ARTIGO

Quando o Varejo Assume o Volante: Como a Marca Própria Coloca o Destino do Negócio nas Mãos do Empresário

Introdução

Doug Rauch, presidente da Trader Joe’s, um empresário de notável excelência, disse certa vez:

“Começamos criando produtos próprios para colocar nosso destino em nossas próprias mãos.”

 

Não foi apenas uma declaração, foi um manifesto. Trader Joe’s opera com 80% de mix em marcas próprias, e exatamente por isso se tornou referência mundial em diferenciação, margem e fidelização.

No Brasil, o tema ainda é tratado com reserva. Mas apostar em marca própria não é apenas ampliar margem. É assumir o volante estratégico do negócio. Quando a lealdade do consumidor está com o fabricante, o varejo é vitrine. Quando a lealdade está com a marca própria, o varejo é protagonista.

Desenvolvimento

O modelo tradicional brasileiro ainda gira em torno da dependência das grandes indústrias. O consumidor entra na loja para buscar a marca de fabricante que viu na propaganda. A loja apenas intermedeia. O valor, a margem e a fidelidade pertencem à indústria.

Trader Joe’s mostrou que existe outro caminho. Ao colocar no centro produtos exclusivos, obrigou o cliente a associar qualidade e identidade à sua própria bandeira. O mesmo se observa em mercados maduros. Nos Estados Unidos, as marcas próprias já representam 20,7% das vendas em unidades no setor de mercearia, movimentando US$ 236 bilhões em 2023 (PLMA, 2023).

Na América Latina, a penetração alcança 10% a 15% das vendas em supermercados modernos. No Brasil, os números ainda são menores, mas expressivos: 7% do faturamento do setor já vem de marcas próprias, com 34% dos lares consumindo regularmente e uma economia média de 30% frente às marcas tradicionais (Abmapro/Nielsen, 2023).

Há sinais claros de aceleração. No Carrefour Brasil, a participação de marcas próprias no e-commerce saltou de 9,8% no primeiro trimestre de 2022 para 13,7% no terceiro trimestre de 2023 (Euromonitor, 2023). E 20% dos brasileiros declaram que pretendem aumentar o consumo de marcas próprias nos próximos 12 meses, acima da média latino-americana de 16% (Euromonitor, 2023).
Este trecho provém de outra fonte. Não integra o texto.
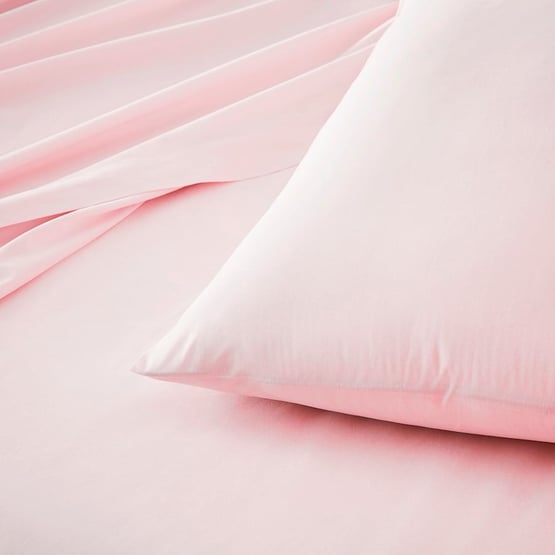 Dreamy Cotton Crystal Pink Sheet Set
O gráfico a seguir ilustra bem essa curva. Nos Estados Unidos, as vendas de alimentos e bebidas de marca própria passaram de US$ 76,3 bilhões em 2016 para US$ 111,5 bilhões em 2022. Projeções indicam que devem chegar a US$ 143,1 bilhões até 2029 (Data Bridge Market Research, 2023). E o avanço não para: apenas no primeiro semestre de 2023, as vendas cresceram 8,2% em valor, totalizando US$ 108 bilhões, puxadas por bebidas (+19%), alimentos gerais (+16%) e produtos refrigerados (+16%).

 

Gráfico 1: Vendas de Alimentos e Bebidas de Marcas Próprias nos Estados Unidos

 

No Brasil, a trajetória começa a ecoar esses movimentos. A rede Panvel consolidou sua marca própria como diferencial estratégico, reforçando fidelidade e competitividade no setor farmacêutico. O exemplo mostra que não se trata apenas de preço, mas de valor percebido, branding e consistência.
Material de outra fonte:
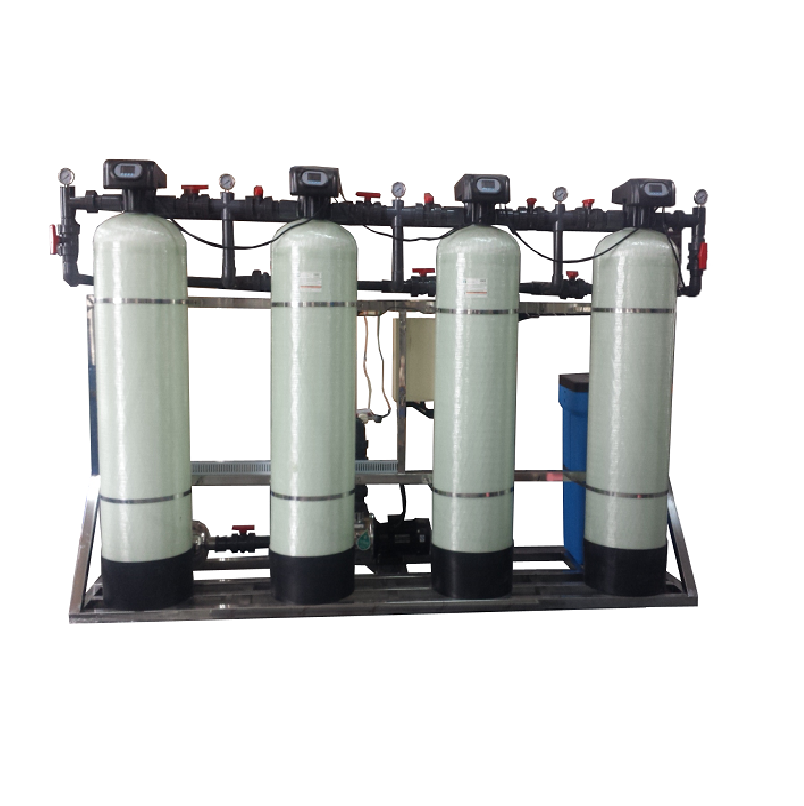 2T/H well water treatment equipment manganese sand filter for water treatment producing urea for car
Evidentemente, há barreiras. Pesquisas ainda apontam riscos percebidos em categorias sensíveis, como bebidas não alcoólicas, relacionados a fatores funcionais, financeiros e até sociais. Mas exatamente por isso a execução deve ser séria, profissional e sustentada em qualidade. Marca própria não é improviso, é estratégia.

Conclusão

Quando Doug Rauch disse que criou produtos próprios para assumir o destino da Trader Joe’s, ele se referia à soberania do varejo. Soberania que se traduz em margens mais altas, maior poder de negociação e fidelização que pertence à loja, não ao fabricante.
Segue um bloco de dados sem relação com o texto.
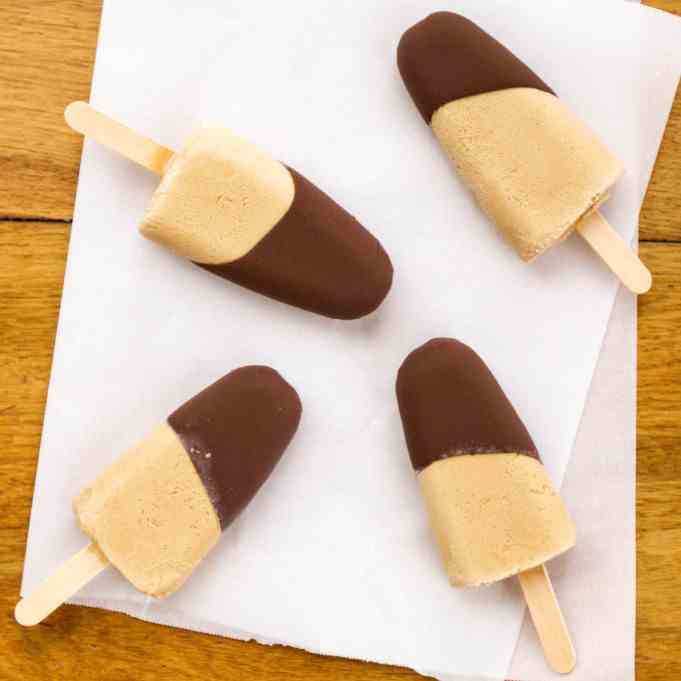 Chocolate Dipped Cold Press Coffee Pops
O Brasil ainda aparece com modestos 7% de participação, mas a curva de crescimento é clara. Um terço dos lares já consome regularmente e um quinto da população pretende ampliar esse consumo em 2024. O movimento não é especulação: é realidade em aceleração.

O dilema é simples e inevitável: o empresário brasileiro continuará como vitrine de marcas que drenam margem e concentram lealdade na indústria, ou terá a ousadia de assumir o volante?

 

A marca própria é, antes de tudo, a liberdade do varejo de escrever o seu próprio futuro.